In his laboratory at the brewery, Sørensen needed to develop a method to classify various liquids into a scale of how acidic or basic they were in his experiments. In 1909 he developed a logarithmic scale now widely used in chemistry, geology, and biology. Later modified in 1924 into the pH scale.
Sørensen knew that there would always be a tiny amount of H+ cations, even in liquids with abundant OH− anions. The amount of H+ cations would be exponentially smaller and smaller the more OH− anions are added. In neutral water Sørensen found that active H+ cations was only 0.000000003540133 per mole, having to write out such small numbers with so many zeros was not particularly useful, so instead Sørensen developed a simple method using an inverse logarithmic scale, which means the larger the value of H+ cations in a liquid, the smaller the number on the scale would be.

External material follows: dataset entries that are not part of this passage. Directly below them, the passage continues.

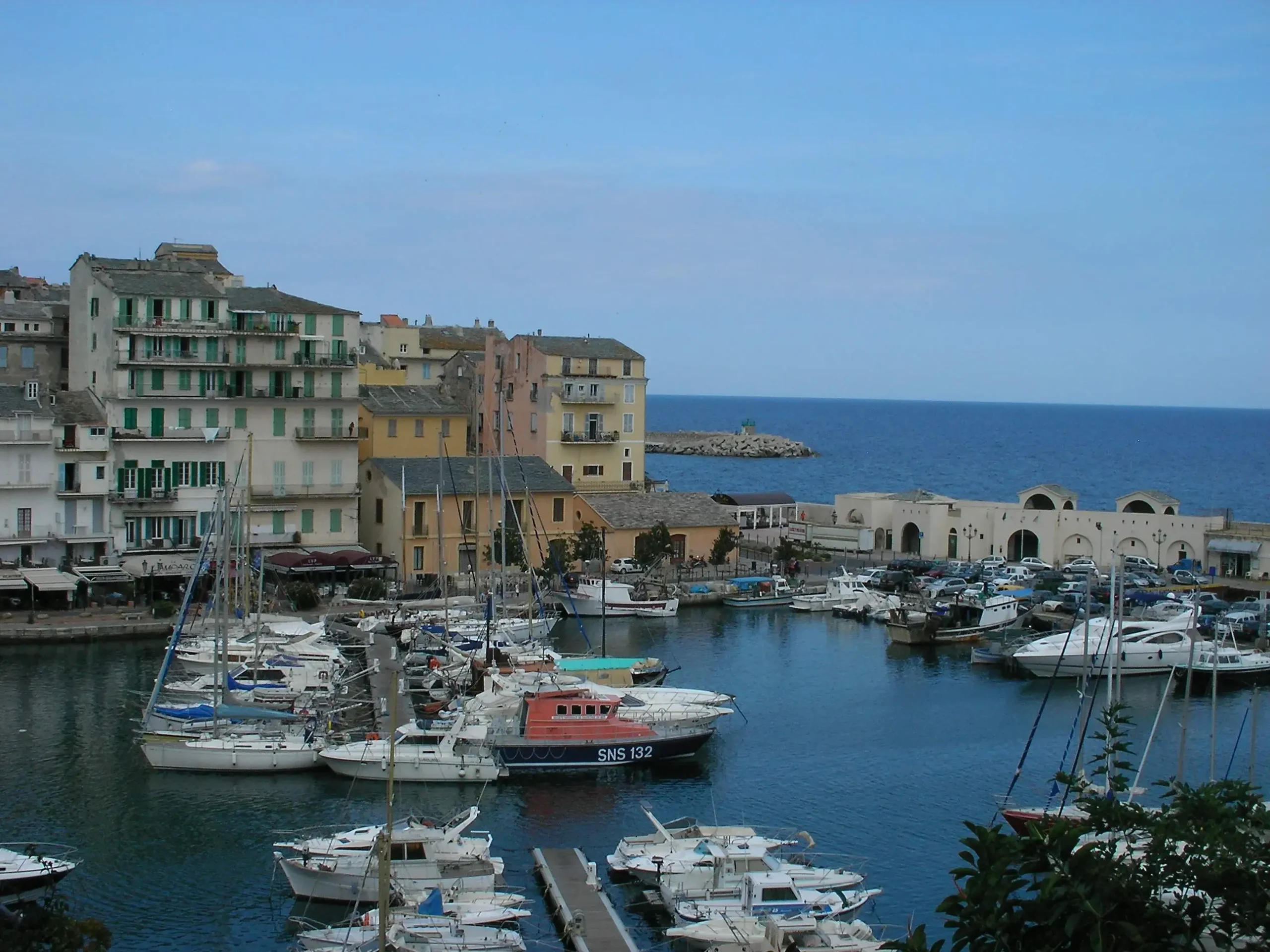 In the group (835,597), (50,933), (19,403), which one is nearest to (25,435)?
(19,403)

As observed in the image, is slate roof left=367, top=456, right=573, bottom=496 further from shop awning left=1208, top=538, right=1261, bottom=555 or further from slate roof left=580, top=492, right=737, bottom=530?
shop awning left=1208, top=538, right=1261, bottom=555

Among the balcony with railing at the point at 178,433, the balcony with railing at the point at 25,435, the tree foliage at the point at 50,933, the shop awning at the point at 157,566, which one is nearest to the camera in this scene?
the tree foliage at the point at 50,933

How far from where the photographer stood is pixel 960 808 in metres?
31.0

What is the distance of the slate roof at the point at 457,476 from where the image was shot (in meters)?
56.7

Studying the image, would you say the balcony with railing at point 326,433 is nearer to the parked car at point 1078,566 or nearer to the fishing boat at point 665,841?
the parked car at point 1078,566

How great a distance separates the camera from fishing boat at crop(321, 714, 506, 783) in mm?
31891

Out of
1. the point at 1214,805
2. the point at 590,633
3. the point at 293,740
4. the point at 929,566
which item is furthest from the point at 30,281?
the point at 1214,805

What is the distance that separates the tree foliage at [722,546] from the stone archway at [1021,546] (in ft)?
39.8

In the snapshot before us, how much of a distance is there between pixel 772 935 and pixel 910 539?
48.5 m

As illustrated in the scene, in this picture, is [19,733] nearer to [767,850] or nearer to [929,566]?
[767,850]

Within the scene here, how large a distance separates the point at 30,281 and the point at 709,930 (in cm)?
6555

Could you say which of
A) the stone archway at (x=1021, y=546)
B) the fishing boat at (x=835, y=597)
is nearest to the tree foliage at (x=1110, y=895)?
the fishing boat at (x=835, y=597)

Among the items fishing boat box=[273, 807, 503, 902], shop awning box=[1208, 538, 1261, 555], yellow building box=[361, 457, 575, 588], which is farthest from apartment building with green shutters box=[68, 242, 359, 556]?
shop awning box=[1208, 538, 1261, 555]

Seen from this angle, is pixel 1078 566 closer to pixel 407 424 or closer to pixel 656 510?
pixel 656 510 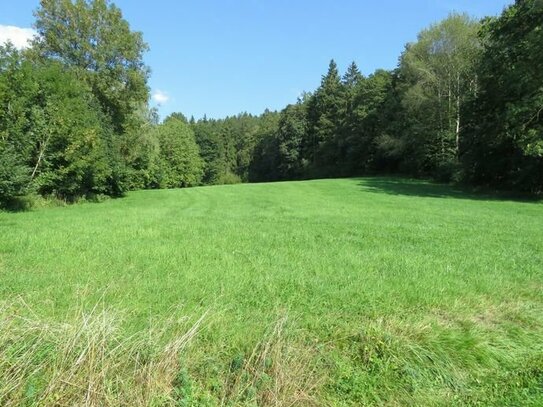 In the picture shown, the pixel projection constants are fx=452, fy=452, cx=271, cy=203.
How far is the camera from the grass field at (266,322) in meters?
3.97

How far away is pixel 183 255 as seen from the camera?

A liquid with 0.5 H+ cations per mole would have a very low pH of 0.3, while a liquid with a tiny amount, say 0.0000000001 H+ cations per mole would have a high pH of 10. Liquids with pH below 7 are acidic, while liquids with pH above 7 are basic. Bleaches and other household cleaners on this scale have around 13.5 pH, while vinegar is around 3 pH. Extremely low and high pH can easily break down proteins, with an excess of either H+ cations or OH− anions. These liquids on the high and low end of the scale are highly corrosive and dangerous, including liquid drain cleaner (very high pH) and battery acid (very low pH). Understanding pH is really important in understanding Earth’s water, because water is a powerful solvent, and will break ionic bonds resulting in mixtures of water with varying amounts of H+ cations or OH− anions. This will be particularly important in understanding the chemistry of rain, groundwater, rivers, lakes and oceans on Earth.